EmbodiedNav: Spatial Cognition-Aware Embodied Navigation in Urban Spaces with Large Multimodal Model Agent

Abstract

Asking an aerial agent to navigate to any location without providing a specific route in an unseen environment autonomously is one of the fundamental tasks in embodied artificial intelligence. However, embodied navigation in low-altitude urban spaces is understudied, with aerial agents facing significant perception and reasoning challenges due to open-ended three-dimensional spaces and partial observations. To fill this gap, we propose EmbodiedNav, a large multimodal model-empowered agent composed of three modules: Track^2 Task Decomposition, Perception-Driven Action Generation, and Memory. These modules are built on spatial cognition: the imagination and associative ability for macro-level spatial topology, and the acquisition of micro-level spatial positioning through size consistency, viewpoint invariance, and spatial perspective-taking. Our formulation mimics how humans navigate using only RGB visual information, without relying on maps, odometers, or depth inputs. Experimental results demonstrate the potential of our agent in urban aerial embodied navigation.

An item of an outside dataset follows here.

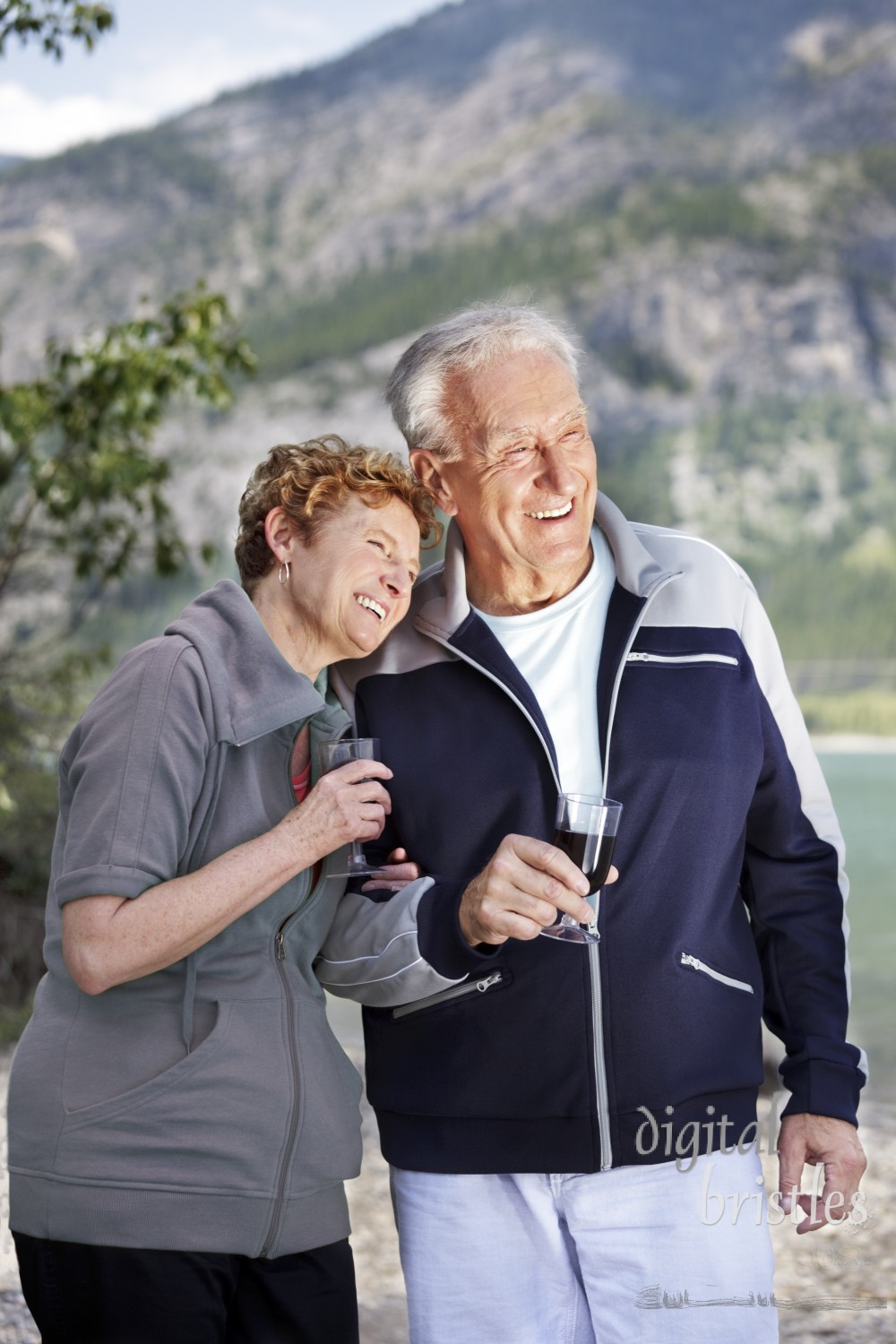 Senior couple shares a glass of wine by the lake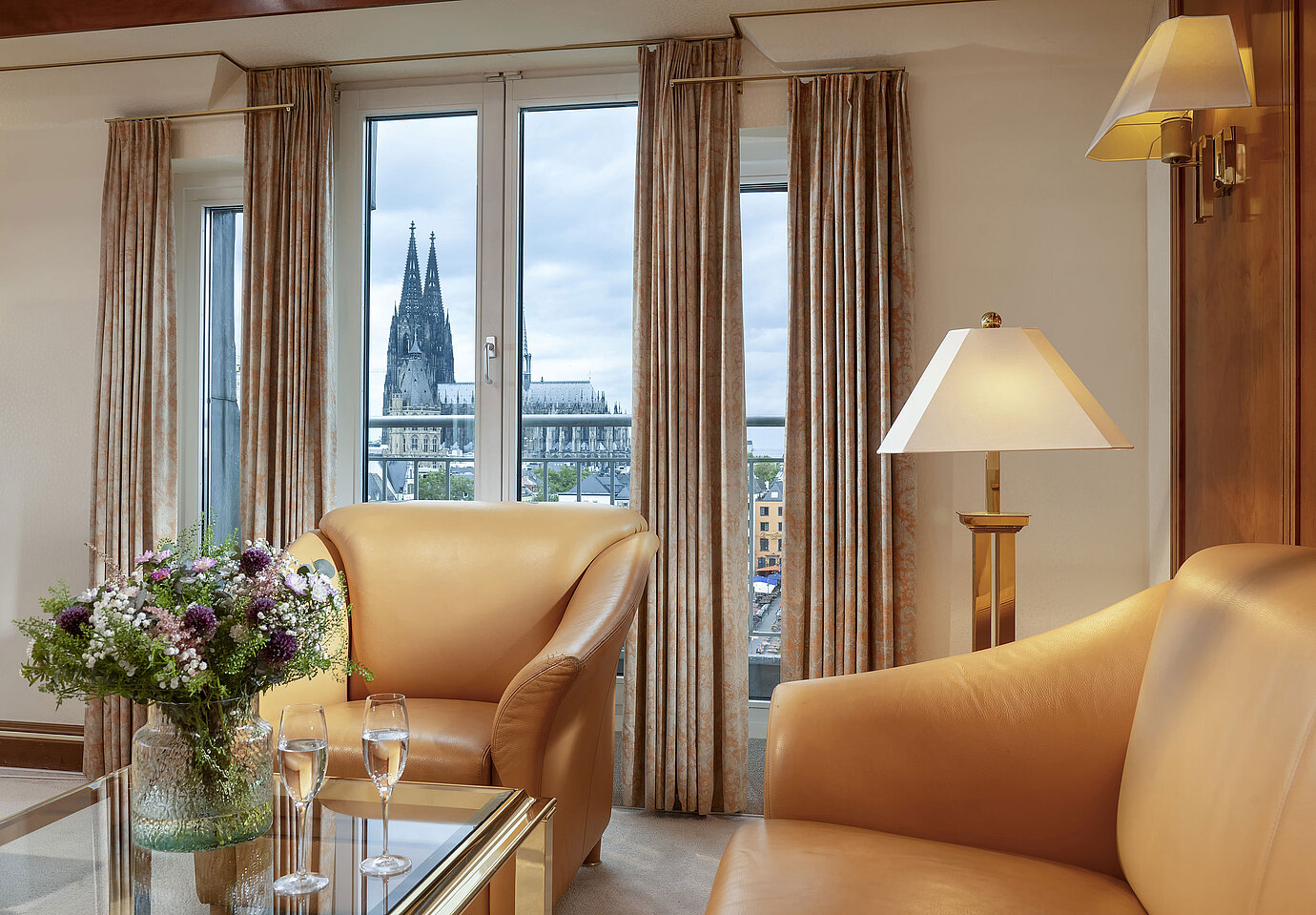 Elegante Suite Heumarkt al Maritim Hotel Colonia con comode poltrone in pelle e vista diretta sulla cattedrale di Colonia.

Benchmark Setup in City Space

We provide some video examples to illustrate the task of goal-oriented vision-language navigation in urban spaces.

Goal: [Nearby bus stop]

Goal: [The fresh food shop in the building below]

Goal: [The balcony on the 20th floor of the building on the right]

Statistic Information:

  • Number of flight trajectories: 1,089
  • The average trajectory length is 86.9 meters, with a maximum of 421.5 meters and a minimum of 32.7 meters.
  • The average length of instructions is approximately 6.2 words.
  • The simulator's environment covers a 2.8 km × 2.4 km district in Beijing, a major city in China. The urban simulation includes about 100 streets and 200 buildings or building complexes, featuring a variety of types such as office towers, shopping malls, residential complexes, and public facilities.
  • The developed instructions further generate diverse cases across different architectural visual scenarios.
  • The distribution of ground truth path lengths in navigation trajectories and the word cloud of urban elements in navigation instructions are shown as follows.
  • Method

    The proposed agent consists of three modules. The track^2 task decomposition module outputs the latest plan and current progress. The perception-driven action generation module converts steps in the plan into an iterative algorithm, which outputs the agent's actions. Throughout this process, the RGB observation and output of each module are updated in the memory module, providing information to other modules.

    The design of embodied CoT for the Track^2 Task Decomposition module, mainly including plan evaluation, perception inference, and route inference. The perception inference and route inference stages are specifically designed based on spatial imagination and spatial association, respectively. The resulting plan is better equipped to handle goal-oriented navigation tasks in urban spaces.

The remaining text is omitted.